High-throughput computing with GROMACS
Note
High-throughput simulations can easily produce a lot of data, so please plan your data management (data flow, storage needs) and analysis pipelines beforehead. Don't hesitate to contact CSC Service Desk if you're unsure about any aspect of your workflow.

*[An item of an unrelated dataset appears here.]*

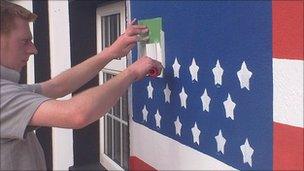 Putting the finishing touches to a mural of the American flag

GROMACS comes with a built-in multidir
functionality, which allows users to run
multiple concurrent simulations within one Slurm allocation. This is an excellent
option for high-throughput use cases, where the aim is to run several similar, but
independent, jobs. Notably, multiple calls of sbatch
or srun
are not needed,
which decreases the load on the batch queue system. Please consider this option if
you're running high-throughput workflows or enhanced sampling jobs such as replica
exchange or free energy simulations using ensemble-based distance or orientation
restraints.
Another utility of multidir
is that it can be used to increase the parallel
efficiency of small systems. By launching multiple trajectories per GPU (or CPU
node), the combined throughput of each independent simulation will increase due
to better resource utilization. This is especially useful for maximizing the
performance of small systems on LUMI-G, as well on Mahti where only full CPU
nodes can be reserved.
Example batch script for Mahti
This example adapts the production part of the lysozyme tutorial
by considering 8 similar copies of the system that have been equilibrated with different velocity
initializations. Inputs corresponding to each copy are named identically md_0_1.tpr
and placed in subdirectories run*
as illustrated below by the output of the tree
command.
$ tree
.
├── multidir.sh
├── run1
│ └── md_0_1.tpr
├── run2
│ └── md_0_1.tpr
├── run3
│ └── md_0_1.tpr
├── run4
│ └── md_0_1.tpr
├── run5
│ └── md_0_1.tpr
├── run6
│ └── md_0_1.tpr
├── run7
│ └── md_0_1.tpr
└── run8
└── md_0_1.tpr
#!/bin/bash
#SBATCH --time=00:30:00
#SBATCH --partition=medium
#SBATCH --ntasks-per-node=128
#SBATCH --nodes=1
#SBATCH --account=<project>
# this script runs a 128 core gromacs multidir job (8 simulations, 16 cores per simulation)
module purge
module load gromacs-env
export OMP_NUM_THREADS=1
srun gmx_mpi mdrun -multidir run* -s md_0_1.tpr -dlb yes
By issuing sbatch multidir.sh
in the parent directory, all simulations are run concurrently
using one full Mahti node without hyperthreading so that each system is allocated 16 cores.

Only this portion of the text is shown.